■ TASK DETAILS ■
The reply should hold only the lines below beginning at the one with "Vittario 3-sits Bubblig" and ending at the one with "Tazza da tè", copied exactly, with every picture left out.

■ SUPPLIED MATERIAL ■
=== Begin Enclosure ===
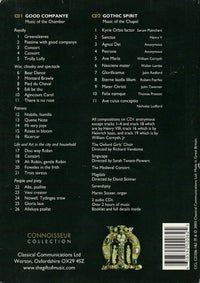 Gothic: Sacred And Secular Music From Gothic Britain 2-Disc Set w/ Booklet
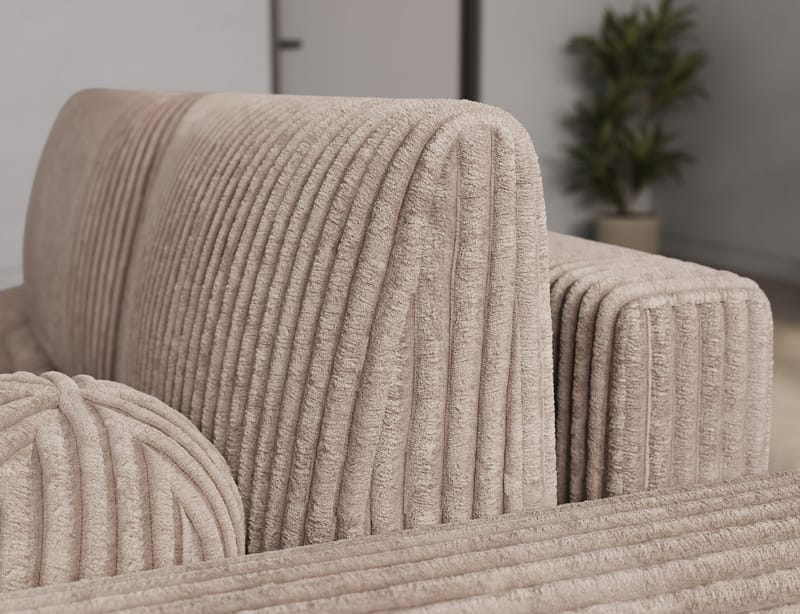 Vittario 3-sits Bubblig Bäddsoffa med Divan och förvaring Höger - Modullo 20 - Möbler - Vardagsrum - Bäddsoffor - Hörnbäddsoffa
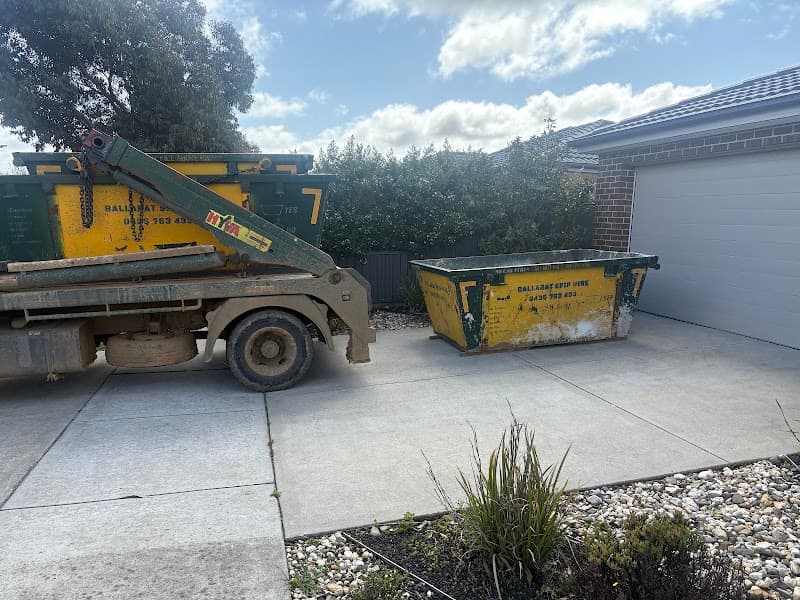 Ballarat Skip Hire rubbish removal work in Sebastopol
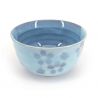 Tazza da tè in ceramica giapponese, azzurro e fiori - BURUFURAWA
=== End Enclosure ===
=== Begin Enclosure ===
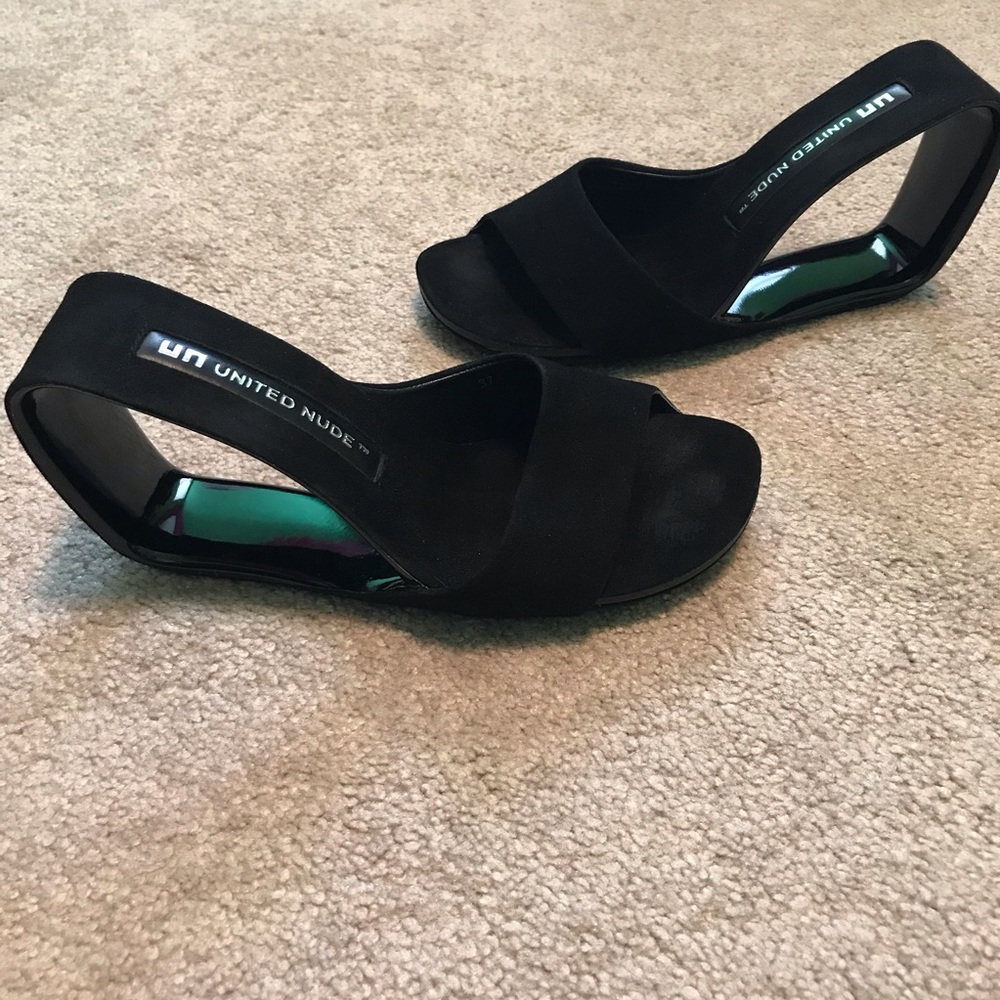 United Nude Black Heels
=== End Enclosure ===
■ SOLUTION ■
 Vittario 3-sits Bubblig Bäddsoffa med Divan och förvaring Höger - Modullo 20 - Möbler - Vardagsrum - Bäddsoffor - Hörnbäddsoffa
 Ballarat Skip Hire rubbish removal work in Sebastopol
 Tazza da tè in ceramica giapponese, azzurro e fiori - BURUFURAWA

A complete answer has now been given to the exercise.